中国消費の新勢力「新中間層」に注目すべし!!
2020年9月30日
 会報誌9月号の巻頭特集で、中国消費の新勢力として近年注目を集める「新中間層」を取り上げました。中国で「中産階級」と呼ばれる中間層。資本家階級(支配層)と労働者階級(被支配層)との中間に位置する階層のことで、色んな定義の仕方があるようですが、簡単に言うとサラリーマンが最も該当するでしょう。

 その中でも、アッパーやミドルレベルのサラリーマンで、一定の所得水準を有し、価値観やライフスタイル、消費行動など、昨今の社会・経済情勢を反映した新しいタイプの消費者群を、中間層の中でも新しい「新中間層」としています。

 大手コンサルティング会社のマッキンゼーは、中国の中間層(中レベル所得層)の数は3億人超と試算。その数は現在も増加中で、2025年には5億人を超えて、都市部人口の半数以上を占めると予想。可処分所得は総額13.5兆元に達するとも見込んでいます。(中国のネット上では、中間層が20年に7億人に達するという記事も…。)

 かつては「一億総中流」ということで世界でも最も分厚い中間層を有していた日本。それがバブル崩壊後の失われた20年または30年の景気後退により、中間層が衰退、最近では貧困層が増えているとも言われています。

 また安倍政権が掲げたアベノミクスによる経済政策は、都市部などの高所得者層や投資家を潤す反面、中間層には恩恵が行き届かなかったという指摘も。特に今回のコロナ流行で、そのモメンタムはさらに加速しそうです。

 コロナの影響が依然色濃く残る世界各国の中、あたかも“一人勝ち”かのごとく経済再生に向けて前進する中国。特に消費の復活を期待する各国企業も多いことでしょう。一方で中国の消費者も、今回のコロナで少なからず影響を受けているのも事実。以前の爆買いではないですが、やみくもに消費する時代は終わったと言っても過言ではないでしょう。

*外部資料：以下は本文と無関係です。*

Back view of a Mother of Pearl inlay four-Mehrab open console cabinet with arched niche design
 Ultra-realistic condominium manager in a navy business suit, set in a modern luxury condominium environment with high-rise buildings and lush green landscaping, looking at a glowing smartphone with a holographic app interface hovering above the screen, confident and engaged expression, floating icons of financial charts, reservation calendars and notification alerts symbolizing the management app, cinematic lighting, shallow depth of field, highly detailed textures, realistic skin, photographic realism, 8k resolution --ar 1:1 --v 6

 そうした中、中国消費のボリュームゾーンである中間層。特に一定の所得と消費力を有する「新」中間層の把握が、今後ますます重要になってきます。ある程度裕福になると、より品質の良い日本製品を欲しがるだろうという“幻想”は、もはや彼らには通じなくなっているようにも思えます。

 中国の新中間層が何に価値を見出し、共感し、消費行動に移すのかをしっかりと見極めるためにも、今号の特集がお役に立てればと願うばかりです。